First let's prepare your data in a reproducible example:
dat <- read.table(text='N1, N2
"jara", "moreno"
"moreno", "lopez"
"diaz", "Swanson"
"powell", "jara"
"Mckinze", "jenner"
"jenner", "londra"
"londra", "kennedy"',
header=T, sep=',', stringsAsFactors = F, quote = '"', strip.white = T)
This leaves us a data.frame
but to be fairer, your data seems to be an unnamed matrix of columns, so we'll do this:
dat <- as.matrix(dat)
colnames(dat) <- NULL
dat
[,1] [,2]
[1,] "jara" "moreno"
[2,] "moreno" "lopez"
[3,] "diaz" "Swanson"
[4,] "powell" "jara"
[5,] "Mckinze" "jenner"
[6,] "jenner" "londra"
[7,] "londra" "kennedy"
Now, yes, we have the data as you have stated, let's go to the solution.

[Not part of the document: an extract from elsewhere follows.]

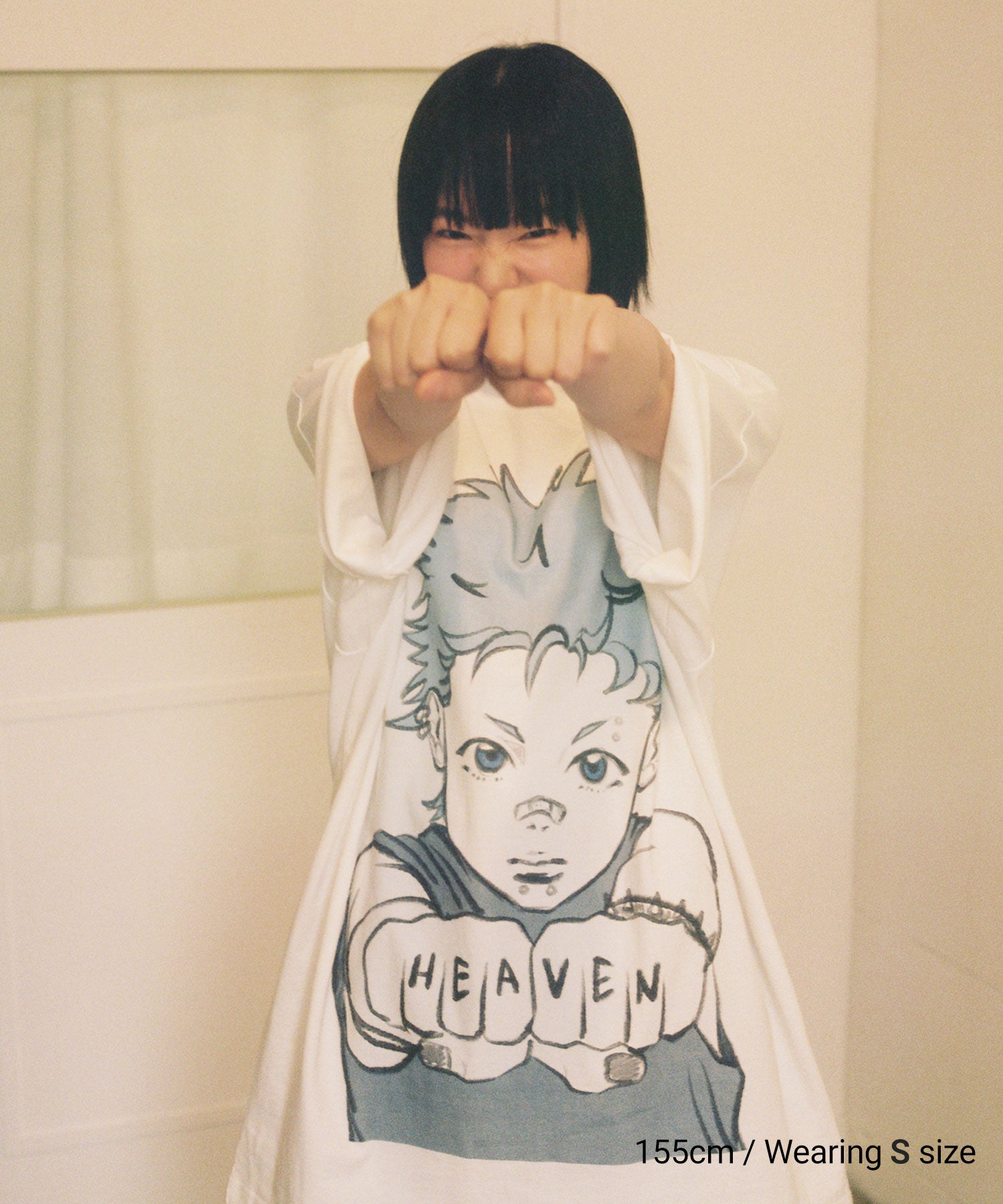 Nice Ghost Club Fist Boy Big Big Tee [White]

One way to get the repeated values from one column in another, could be: dat[dat[,1] %in% dat[,2], 1]
, that gives us the values of column 1 that are identical to those in column 2. However it is complicated to do so, because you should also check backwards also, those of column 2 that are equal to those of 1. And so with the 10 variables / columns that you mention.
But luckily we have a very useful feature to count frequencies that is table()
, so we could do this:
tbl <- table(dat)
names(tbl[tbl > 1])
[1] "jara" "jenner" "londra" "moreno"
With table(dat)
we obtain a frequency table of all the variables and observations of your matrix, you should eventually "cut" it to those columns that interest you. The result is something like this:
diaz jara jenner kennedy londra lopez Mckinze moreno powell Swanson
1 2 2 1 2 1 1 2 1 1
Quite clear, now, it would only be necessary to obtain the names that have more than one occurrence and that we do with names(tbl[tbl > 1])
.
Important Clarification : this solution will count as repeated within the same column as well. If you do not want to get a name that has only been repeated in a single column, there is a little trick to make this solution:
tbl <- table(apply(dat, 2, function(x) {ifelse(duplicated(x), NA, x)}))
names(tbl[tbl > 1])
Basically what we are doing with apply(dat, 2, function(x) {ifelse(duplicated(x), NA, x)})
is to remove within each column, the values that are repeated replacing them by NA
and then count the occurrences effectively.